Greetings from the distant future. Since the question leaves some details unknown and OP likely no longer needs the answer, I'm going to be a bit general in the response. I'm going to interpret this as roughly "how do I change one color to another". There are other answers that cover similar tasks, but I figured I'd point out a few things here first.
First should be obvious. The image has been horribly damaged by JPG compression. Depending on your goals, this may have already made the task impractical.
inpict = imread('popsquares.jpg');
[R G B] = imsplit(inpict);
mostlyred = (R > G) & (R > B);
Trying to do any sort of masking on an image that's this heavily damaged will be difficult, as features like the thin lines between the blocks are comparable in distinctness to the artifacts. While not all interpretations of the problem require masking, it's good to avoid unnecessary and conspicuous damage to your images.

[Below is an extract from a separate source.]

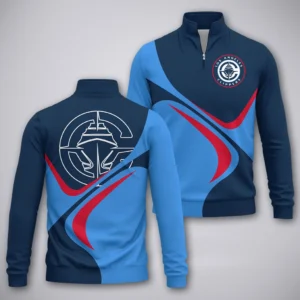Sport Fan Gift Quarter-Zip Sweatshirt For Sport Lover HVN1247LAC082025QZ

So let's assume we have better control over our working images, and have avoided said damage. I'm going to include a couple quick examples. First, we need to construct a test image.

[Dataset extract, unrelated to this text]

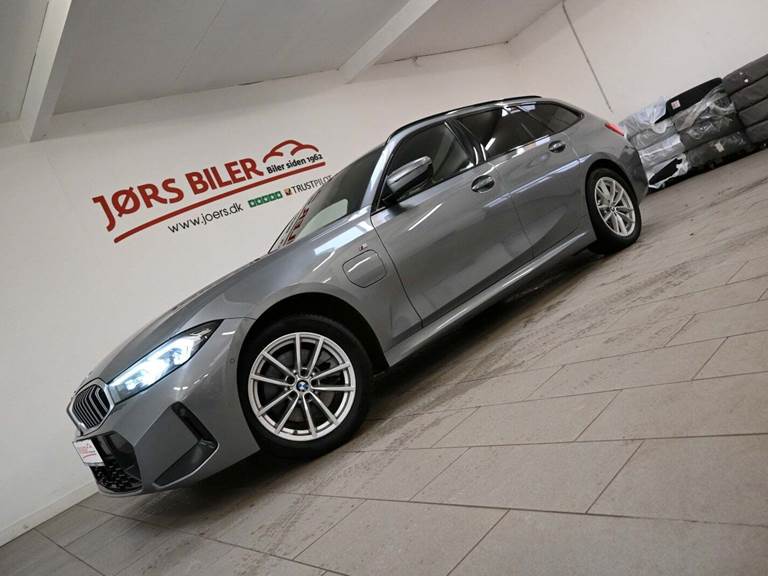 BMW 320e 2,0 Touring M-Sport aut.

H = mod(hswing*rand(ncolored,1) - hswing/2,1);
S = (1-mins)*rand(ncolored,1) + mins;
ct = im2uint8(hsv2rgb([H S V]));
redpict = [ct; zeros(prod(tiling)-ncolored,3,'uint8')];
redpict = redpict(randperm(prod(tiling)),:);
redpict = permute(redpict,[4 3 2 1]);
redpict = repmat(redpict,[tilesz 1 1]);
redpict = padarray(redpict,[1 1 0 0]*padsz,0,'both');
redpict = imtile(redpict,tiling);
![](https://www.mathworks.com/matlabcentral/answers/uploaded_files/1003805/image.png)
The simple thing to do would be to simply rotate the hue of the image. This preserves the hue variation within the image and requires no masking, so the artifacts aren't a showstopper. The color model you use can make a significant difference, and note that hue angles between the primary-secondary corners aren't always 60 degrees. Operaing in HSV/HSL works, but apparent brightness is poorly preserved. Operating in CIELAB has good brightness preservation, but it tends to exaggerate hue swings near the blue corner, making things unexpectedly purple. OKLAB and SRLAB are attempts (in part) to reduce the issue.
adjustedpict = imtweak(redpict,'lchok',[1 1 0.65]);
Alternatively, you might not even want to preserve the hue variation. You could simply replace the hue entirely. This would still preserve the brightness and saturation variation.
cpict = colorpict(imsize(redpict,3),[0 135 240],'uint8');
blendpict = imblend(cpict,redpict,1,'hue');
But if what you really want is replacement with a solid color fill, then you'll have to come up with a means of creating a mask that describes the regions you want to fill.
[R G B] = imsplit(redpict);
mostlyred = (R > G) & (R > B);
filledpict = replacepixels([0 135 240]/255,redpict,mostlyred);
For brevity in these examples, I've used several functions (imtile, imtweak, colorpict, replacepixels) which are from MIMT (on the File Exchange). There are generally ways to avoid them, but they are convenient and succinct. For another example of changing colors in an image, try the reference answer in this thread. The answer there links to other references that may help depending on your specific needs. Some of the links also cover ways of doing similar sub-tasks (hue adjustment, composition, colorization) without the associated MIMT tools.